Sukses

Bikin Semrawut, Kuota Angkutan Online di Bogor Dibatasi

Pemkot Bogor menilai keberadaan alat transportasi online kurang koordinasi sehingga membuat lalu lintas bertambah macet.

Liputan6.com, Bogor - Pemerintah Kota (Pemkot) Bogor berencana membatasi kuota alat transportasi online. Hal ini dilakukan untuk meminimalisasi potensi gesekan dengan penyedia jasa angkutan umum konvensional.

Jumlah yang semakin tak terkendali, serta tidak tertib dalam mencari penumpang menjadi alasan Pemkot melakukan pembatasan taksi dan ojek berbasis aplikasi itu.

"Kami sedang lakukan kajian, lalu nanti dibuat payung hukumnya berupa peraturan wali kota," ujar Wali Kota Bogor, Bima Arya Sugiarto, Selasa (14/3/2017).

Tugas pengaturan kuota ini, lanjut Bima, diserahkan kepada pemerintah daerah seperti halnya pengaturan taksi resmi. Bima mengungkapkan, sudah ada rumus yang disusun untuk bisa mengetahui jumlah kuota maksimal di Kota Bogor.

Bima mengakui, jumlah pengemudi angkutan transportasi online yang semakin menjamur tentu berimbas terjadinya kemacetan. Apalagi, pengemudi kerap mangkal di sembarang tempat seperti di halte, trotoar, hingga bahu jalan.

"Ini sangat mengganggu arus lalu lintas. Kalau online ya harus mobile," ujar Bima.

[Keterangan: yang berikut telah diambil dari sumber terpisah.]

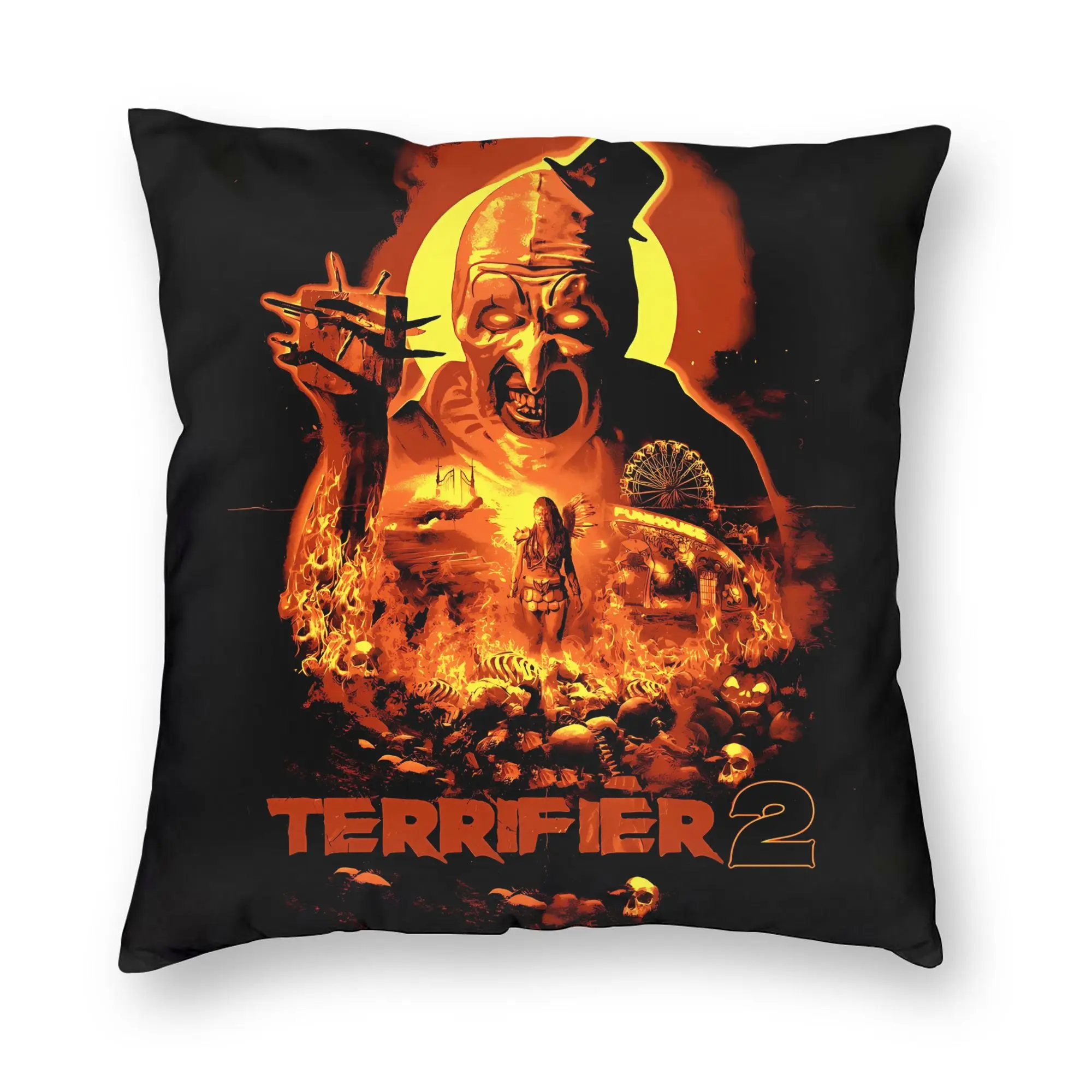 Terrifier Movie Pillow Case  Retro Trendy Pillow Cover Graphic Pillowcases For Sofa Home Decoration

Bima menjelaskan tidak adanya penanggungjawab dari masing-masing transportasi online membuat pemkot kesulitan untuk koordinasi dengan mereka.

"Jangankan koordinatornya, jumlahnya saja kita tidak tahu. Tapi nanti ke depan kami akan arahkan agar ada penanggungjawabnya," ujar Bima.

Di samping membatasi jumlah transportasi online, pihaknya juga tengah memperbaiki angkutan massal di Kota Bogor agar masyarakat mau menggunakan angkutan umum.

"Salah satunya mengonversi angkot menjadi bus dan angkot-angkot yang digeser ke pinggiran juga dibuat lebih nyaman," terang dia.

Ketua Organda Kota Bogor, M Ishcak menyetujui adanya pembatasan alat transportasi online. Sebab, keberadaan angkutan ini sangat berimbas terjadinya penurunan pendapatan sopir angkot konvensional hingga mencapai 40 persen.

"Selama ini kami sering menerima keluhan dari para sopir pendapatannya terus berkurang," ujar dia.

Namun, dia mengaku tidak bisa berbuat banyak karena organda memiliki kewenangan melarang keberadaan alat transportasi online tersebut.

"Di satu sisi memang membuka lapangan kerja, tapi jumlahnya harus dibatasi supaya tidak merugikan sopir angkutan yang lain," ujar Ishcak.